# Import Libraries

In [9]:
from transformers import AutoModelForSequenceClassification, AutoTokenizer
import numpy as np
from scipy.special import softmax
import csv
import urllib.request
import pandas as pd
from tqdm import tqdm

tqdm.pandas()

# Generate Sentiment

In [15]:
def preprocess(text):
    """ Preprocess text (username and link placeholders)
    
    Parameters
    ===========
    text       : str
                 text to preprocess
    
    Returns
    ==========
    preprocess :  str
                  preprocessed text
    """
    new_text = []

    for t in text.split(" "):
        t = '@user' if t.startswith('@') and len(t) > 1 else t
        t = 'http' if t.startswith('http') else t
        new_text.append(t)
    return " ".join(new_text)

def load_models():
    """ load models, tokenizers, label mapping from huggingface hub
    
    Returns
    =========
    model   :   RobertaForSequenceClassification
                pre-trained model for sentiment classifier
    tokenizer : RobertaTokenizerFast
                tokenizer used for the model
    labels    : list
                list of classes for sentiment classifier
    """
    MODEL = f"cardiffnlp/twitter-roberta-base-sentiment"

    # Load the model from your local directory
    model = AutoModelForSequenceClassification.from_pretrained(MODEL)

    # Load the tokenizer
    tokenizer = AutoTokenizer.from_pretrained(MODEL)

    # Download label mapping
    labels = []
    mapping_link = f"https://raw.githubusercontent.com/cardiffnlp/tweeteval/main/datasets/sentiment/mapping.txt"
    with urllib.request.urlopen(mapping_link) as f:
        html = f.read().decode('utf-8').split("\n")
        csvreader = csv.reader(html, delimiter='\t')
        labels = [row[1] for row in csvreader if len(row) > 1]
        
    return model, tokenizer, labels

def generate_sentiment(text, model, tokenizer, labels):
    """ generate sentiment with confidence score given the text
    
    Parameters
    ============
    text    :   str
                input text to get sentiment
    
    Returns
    ===========
    generate_sentiment : tuple
                         label string and confidence score
    """
    # preprocess text
    text = preprocess(text)
    
    # tokenize
    encoded_input = tokenizer(text, return_tensors='pt')
    
    # get sentiments
    output = model(**encoded_input)
    scores = output.logits[0].detach().numpy()
    scores = softmax(scores)

    ranking = np.argsort(scores)
    ranking = ranking[::-1]
    
    return labels[ranking[0]], scores[ranking[0]]


In [16]:
df = pd.read_csv("sentiment_test_cases.csv")
model, tokenizer, labels = load_models()
sentiments = df["text"].progress_apply(lambda x: generate_sentiment(x, model, tokenizer, labels))

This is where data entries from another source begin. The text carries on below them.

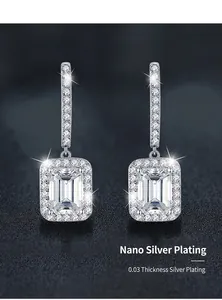 Detailed view of radiant cut moissanite earrings in 925 silver with halo design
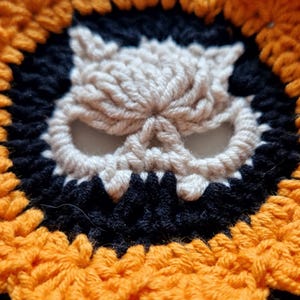 Peut inclure: Gros plan sur un motif de cr&acirc;ne crochet&eacute;. Le cr&acirc;ne est de couleur cr&egrave;me avec des accents noirs et orange. Le motif est circulaire, avec le cr&acirc;ne au centre, entour&eacute; d'un anneau noir et d'une bordure orange festonn&eacute;e.
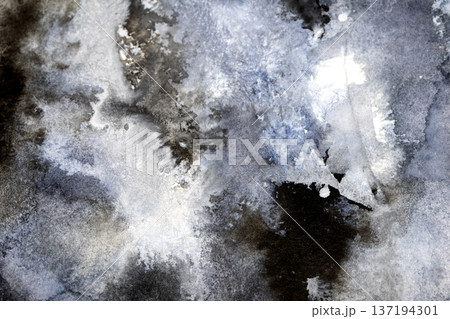 Abstract black and grey watercolour paint and ink swirling on white paper background to look like clouds and monochrome wash 137194301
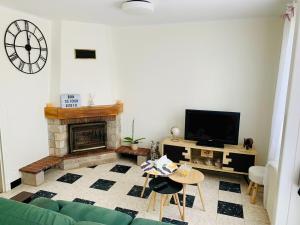 a living room with a green couch and a fireplace at Maison Familiale in Bonneval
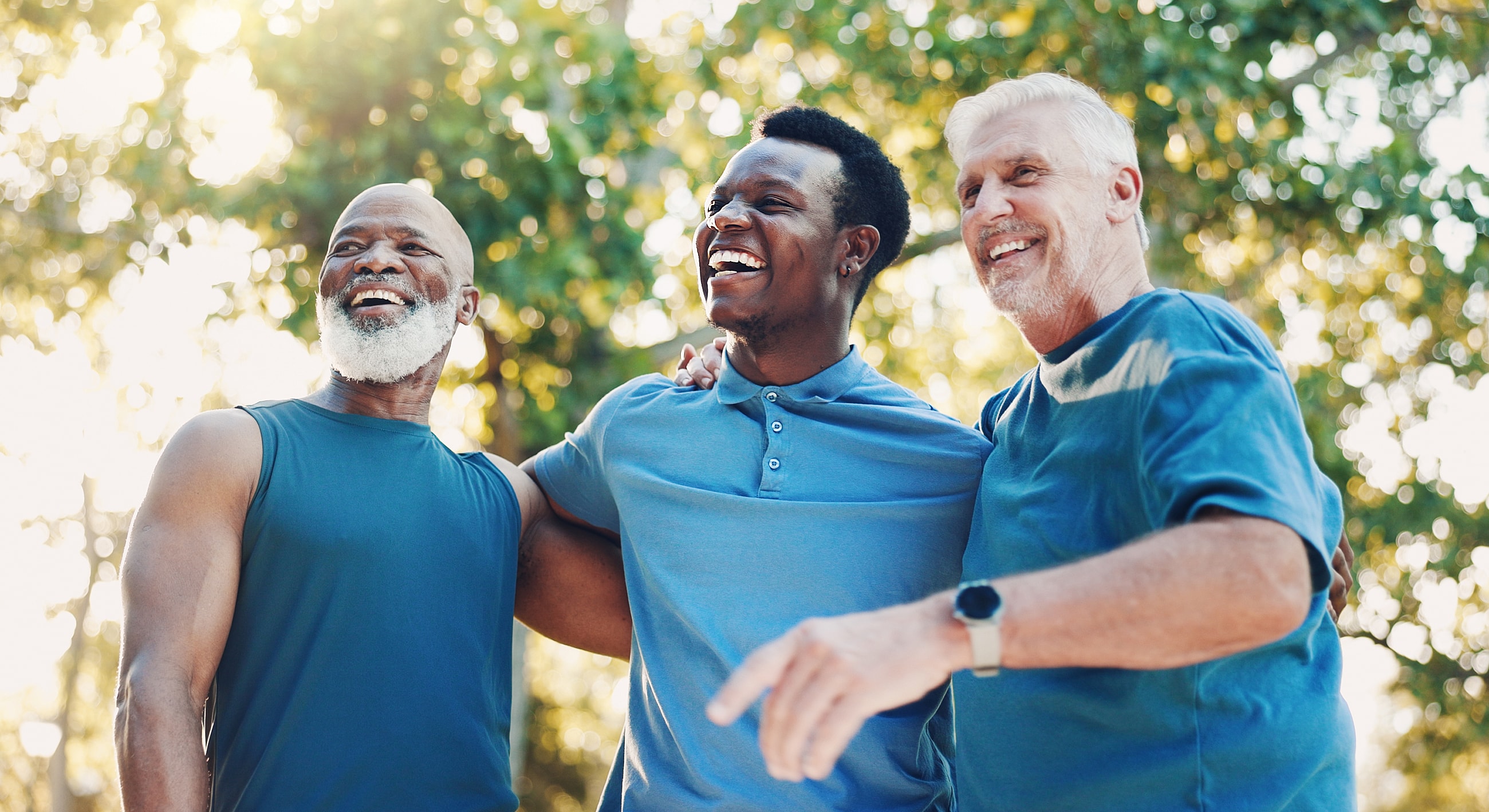Three happy men enjoying time together outdoors.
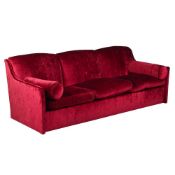 A RED VELVET THREE SEAT SOFA, BY LUCY EADIE INTERIORS, OF RECENT MANUFACTURE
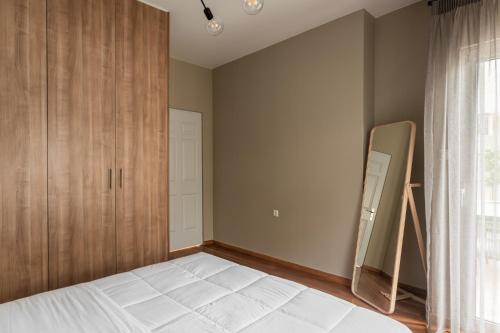 a bedroom with a bed and a closet at The Gate by Zoia Living in Athens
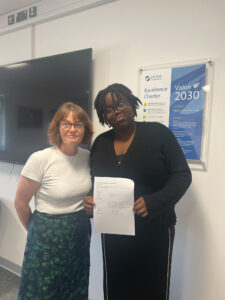 This photo shows a woman and a student, both smiling, holding a document inside a building. Behind them, a display titled "LEIGH Academy Excellence Charter Vision 2030" is visible, further indicating a school or academy setting. The student is holding papers, likely their exam results or another form of academic achievement.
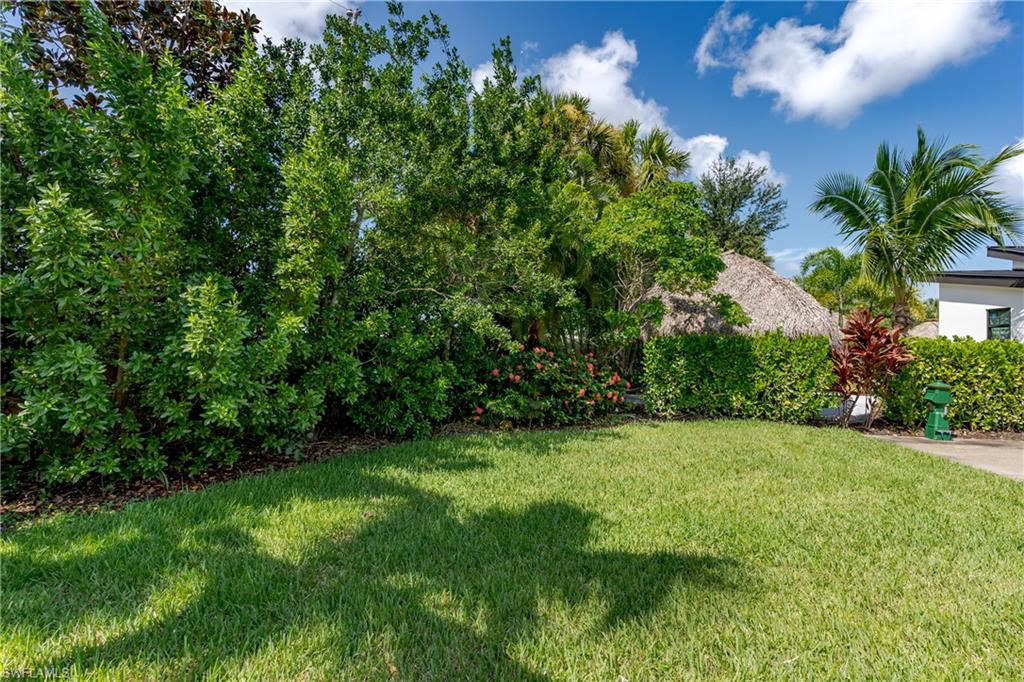 13499 Snook Circle Naples, FL 34114 - Photo 21 of 39 a view of an outdoor space and a yard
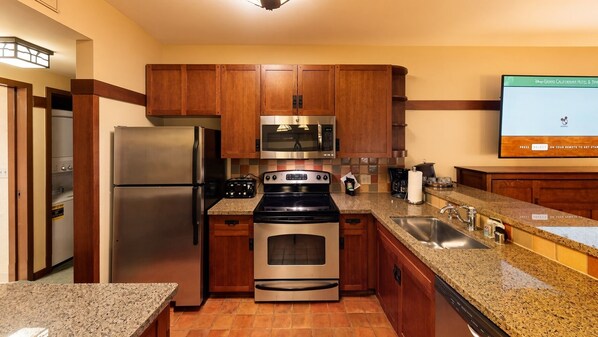 A modern kitchen with stainless steel appliances, wooden cabinets, granite countertops, and a built-in dishwasher.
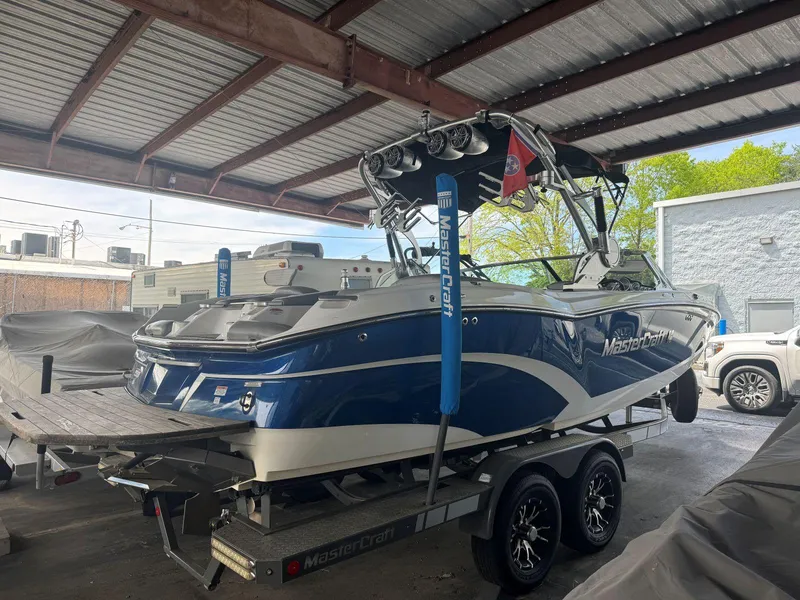 Slide: The Image of 2015 MasterCraft X23 boat on trailer in covered storage area. - 4
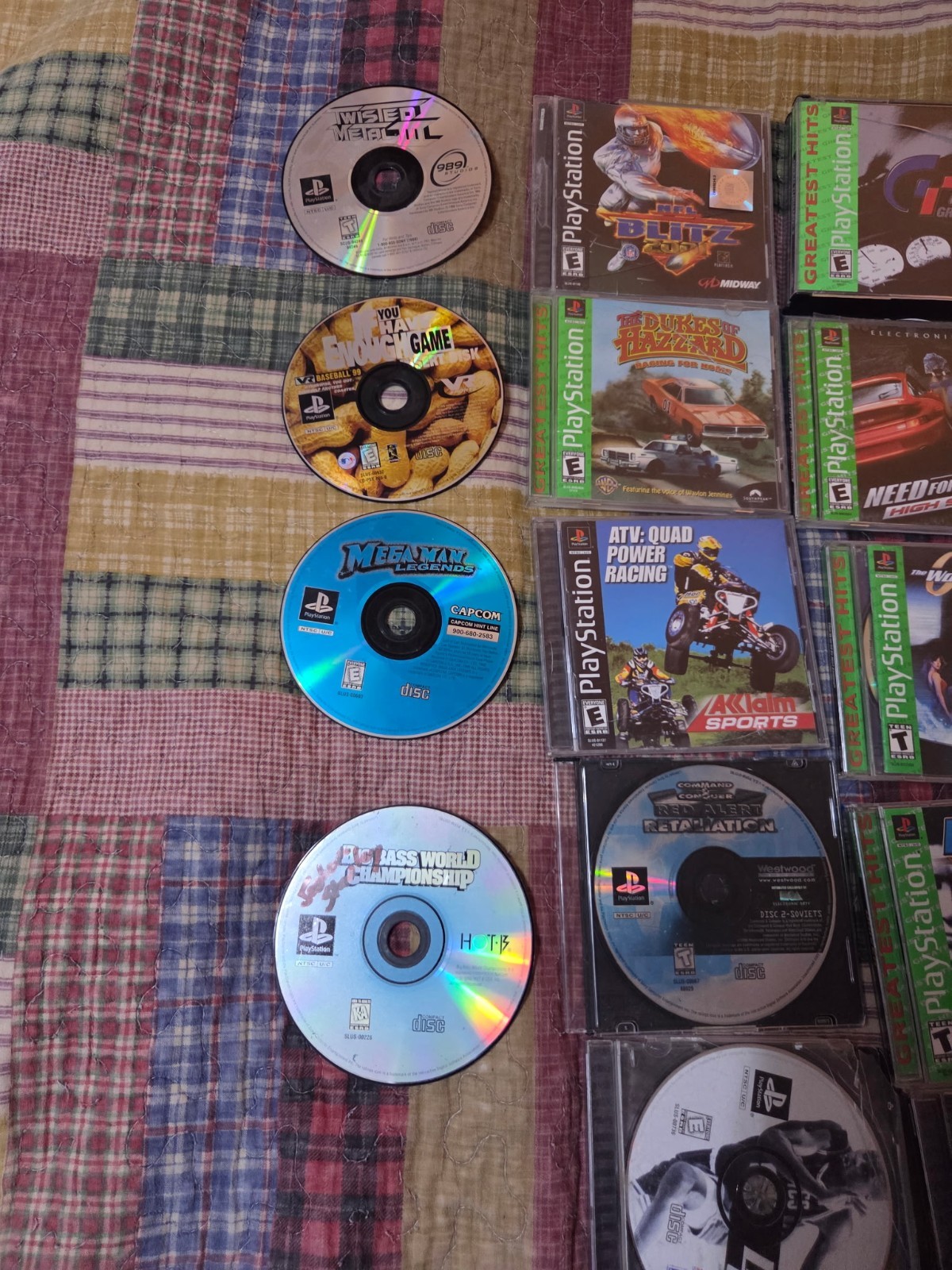 PlayStation 1 with various games tested in working condition has 2 controllers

100%|████████████████████████████████████████████████████████████████████████████████| 498/498 [01:11<00:00,  6.92it/s]


In [29]:
df["model_output"] = sentiments.apply(lambda x: x[0])
df["confidence_score"] = sentiments.apply(lambda x: round(x[1] * 100, 2))
df.to_csv("output_sentiment_test.csv", index=False)

# Evaluate Accuracy with test data

In [30]:
df = pd.read_csv("output_sentiment_test.csv")

In [31]:
accuracy = round((df["expected_sentiment"] == df["model_output"]).mean(), 2)
print(f"Accuracy: {accuracy * 100}%")

Accuracy: 84.0%